SELECT COUNT(id) INTO #no_of_attempts from tb2;
-- DROP TABLE IF EXISTS S1Percentiles;
-- DROP TABLE IF EXISTS S2Percentiles;
-- DROP TABLE IF EXISTS S3Percentiles;
CREATE TEMPORARY TABLE S1Percentiles (
s1 FLOAT NOT NULL,
percentile FLOAT NOT NULL DEFAULT 0.00
);
CREATE TEMPORARY TABLE S2Percentiles (
s2 FLOAT NOT NULL,
percentile FLOAT NOT NULL DEFAULT 0.00
);
CREATE TEMPORARY TABLE S3Percentiles (
s3 FLOAT NOT NULL,
percentile FLOAT NOT NULL DEFAULT 0.00
);
INSERT INTO S1Percentiles (s1, percentile)
SELECT A.s1, ((COUNT(B.s1)/#no_of_attempts)*100)
FROM (SELECT DISTINCT s1 from tb2) A
INNER JOIN tb2 B
ON B.s1 <= A.s1
GROUP BY A.s1;
INSERT INTO S2Percentiles (s2, percentile)
SELECT A.s2, ((COUNT(B.s2)/#no_of_attempts)*100)
FROM (SELECT DISTINCT s2 from tb2) A
INNER JOIN tb2 B
ON B.s2 <= A.s2
GROUP BY A.s2;
INSERT INTO S3Percentiles (s3, percentile)
SELECT A.s3, ((COUNT(B.s3)/#no_of_attempts)*100)

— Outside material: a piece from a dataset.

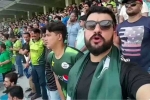 Indian national anthem, India vs England Match, india vs england match pakistani cricket fan sings jana gana mana video goes viral, Icc world cup 2019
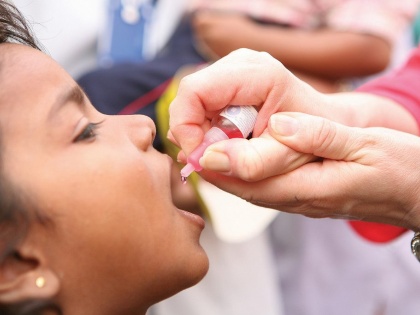 covid-19 vaccine: Researchers found genomic evidence to propose that the oral polio vaccine probably has been protecting young people from COVID-19 in India | क्या पोलियो वैक्सीन कोरोना के खिलाफ असरदार है?, वैज्ञानिकों ने कहा-भारत में पोलियो टीके ने युवाओं को कोविड-19 से बचाया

FROM (SELECT DISTINCT s3 from tb2) A
INNER JOIN tb2 B
ON B.s3 <= A.s3
GROUP BY A.s3;
-- select * from S1Percentiles;
-- select * from S2Percentiles;
-- select * from S3Percentiles;
UPDATE tb1 A
INNER JOIN
(
SELECT B.tb1_id AS id, (C.percentile + D.percentile + E.percentile) AS sum FROM tb2 B
INNER JOIN S1Percentiles C
ON B.s1 = C.s1
INNER JOIN S2Percentiles D
ON B.s2 = D.s2
INNER JOIN S3Percentiles E
ON B.s3 = E.s3
) F
ON A.id = F.id
SET A.sum = F.sum;
-- SELECT * FROM tb1;
DROP TABLE S1Percentiles;
DROP TABLE S2Percentiles;
DROP TABLE S3Percentiles;
What this does is that it records the percentile for each score group and then finally just updates the tb1 column with the requisite data instead of recalculating the percentile for each student row.
You should also index columns s1, s2 and s3 for optimizing the queries on these columns.
Note: Please update the column names according to your db schema. Also note that each percentile calculation has been multiplied by 100 as I believe that percentile is usually calculated that way.